Open source users warn SCO of legal action
By Online Staff
Sidney Morning Herald Online
Members of an ad hoc group from the open source and free software community have warned SCO Group chief executive officer Darl McBride that the company faces legal action from the community if it mailed invoices to Linux users by October 15 as it recently said it would.
The threat was made in an an open letter to McBride, responding to issues he raised last week in his "Open letter to the open source community [ http://sco.com/company/openletter/ ]."
The group, in its missive, refuted the criticism of Linux, the open source community, and the General Public License made by McBride in his open letter, and rejected the idea that Linux users needed to purchase a license from SCO.

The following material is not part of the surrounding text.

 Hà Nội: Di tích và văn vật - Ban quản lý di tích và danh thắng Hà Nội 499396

"We purchased GNU/Linux software in good faith, and we chose it precisely because it is released under the GPL. We will not accept your attempt to charge us a second time for a product that we have already bought and paid for, most of us from vendors other than yourself," the letter said.

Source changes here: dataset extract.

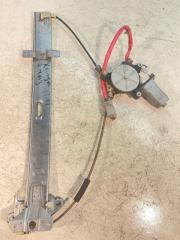 Фото запчасти стеклоподъемный механизм передний правый Honda Jazz 2002 контрактная запчасть Запчасть стеклоподъемный механизм передний правый Honda Jazz 2002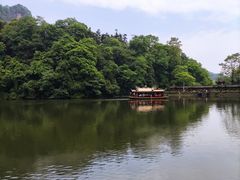 -青城山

The letter called on SCO to immediately identify any infringing code, prove infringement if it could , and allow the code to be immediately removed.
The full letter is here [ http://www.theinquirer.net/?article=11663 ].

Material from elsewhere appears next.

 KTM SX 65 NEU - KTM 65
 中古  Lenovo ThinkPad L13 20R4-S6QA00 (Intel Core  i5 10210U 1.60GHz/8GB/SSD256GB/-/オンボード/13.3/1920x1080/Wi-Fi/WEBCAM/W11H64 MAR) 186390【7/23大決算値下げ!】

In March, SCO filed a billion-dollar lawsuit against IBM, for "misappropriation of trade secrets, tortious interference, unfair competition and breach of contract."
SCO also claimed that Linux was an unauthorised derivative of Unix and warned commercial Linux users that they could be legally liable for violation of intellectual copyright. SCO later expanded its claims against IBM to US$3 billion in June when it said it was withdrawing IBM's licence for its own Unix, AIX.
IBM has counter-sued SCO over the claims.